At about this time, less than 200 survivors of a death march of Jewish POWs, initially numbering
some 880 men, arrived in Biala Podlaska, to be interned in a prisoner-of-war camp there.
In
July 1940, a number of Jewish men were sent from Biala Podlaska
to the forced labour camps at
Belzec. In the autumn of
1940,
the
Judenrat's employment office began to conscript workers for the factories built by
the Germans in Biala Podlaska and its environs. Work camps were built by the Germans nearby
the factories. Hundreds of Jewish tradesmen were incarcerated in seven of the
Judenrat's
labour camps situated at the airfield, the train station, the
Wineta camp in the
Wola
district, and elsewhere. Hundreds of other Jews worked in heavy manual labour paving roads, draining
ditches, and constructing sewage facilities, saw mills, and barracks. Many women worked at
Duke
Potocki's farm
“Halas”.
|
Announcement * |
On
15 May 1941, the Jewish POW camp was closed down, and the surviving
prisoners were transported by sealed train to
Konskowola, further west. During
1940 and
1941, several hundred Jews from
Krakow and
Mlawa were deported to Biala
Podlaska. As a result of the many "resettlements" to the town, the Jewish population of the town had grown to
approximately 8,400 in
March 1942. On
6 June 1941
an announcement forbade "Arians" to do business with Jews.
At the end of
June 1941 a number of Jews were sent to the concentration camp at
Auschwitz as punishment for giving bread to Soviet prisoners of war
marching through the town. They were among the first Jewish victims to perish in
Auschwitz.
On
6 June 1942, a rumour spread throughout the ghetto that the Jews
were to be forced to leave Biala Podlaska and evacuated to the west. Only workers at the forced labour
camps or those employed at German factories as well as those possessing a labour permit would
be exempt from the deportation. On
10 June at 5 a.m. 3,000 Jews, among them the
elderly, women, and children were assembled in the synagogue courtyard. Many of the Jews did not report as ordered
and fled to the forests. German police led the assembled Jews to the railroad station. The next day,
11 June 1942, the deportees were herded into freight cars and were deported
to the death camp at
Sobibor. When the deportees disembarked from the train, believing they
had been sent to a labour camp, a letter was handed to the SS from the municipality of Biala Podlaska
requesting decent treatment for the arriving Jews. For this act of “insolence” and “impudence”, 200 of
the Jews were selected for “special treatment”; all others were immediately gassed. The “special treatment”

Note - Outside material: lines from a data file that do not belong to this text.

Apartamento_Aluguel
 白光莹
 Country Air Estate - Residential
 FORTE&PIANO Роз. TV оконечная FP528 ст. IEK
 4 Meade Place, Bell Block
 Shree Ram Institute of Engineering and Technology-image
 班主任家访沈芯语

consisted of removing luggage from Camp II and loading it onto a train, whilst running a gauntlet of
guards who whipped and clubbed the prisoners as they ran. The Jews who had been the subject
of this “special treatment” were then also gassed.
One week later,
Emanuel Ringelblum spoke in
Warsaw
to the head of the Jewish Social Relief Organization in Biala Podlaska, who asked angrily:
“
How much longer will we go 'as sheep to the slaughter’? Why do we keep quiet? Why is
there no call to escape to the forests? No call to resist?”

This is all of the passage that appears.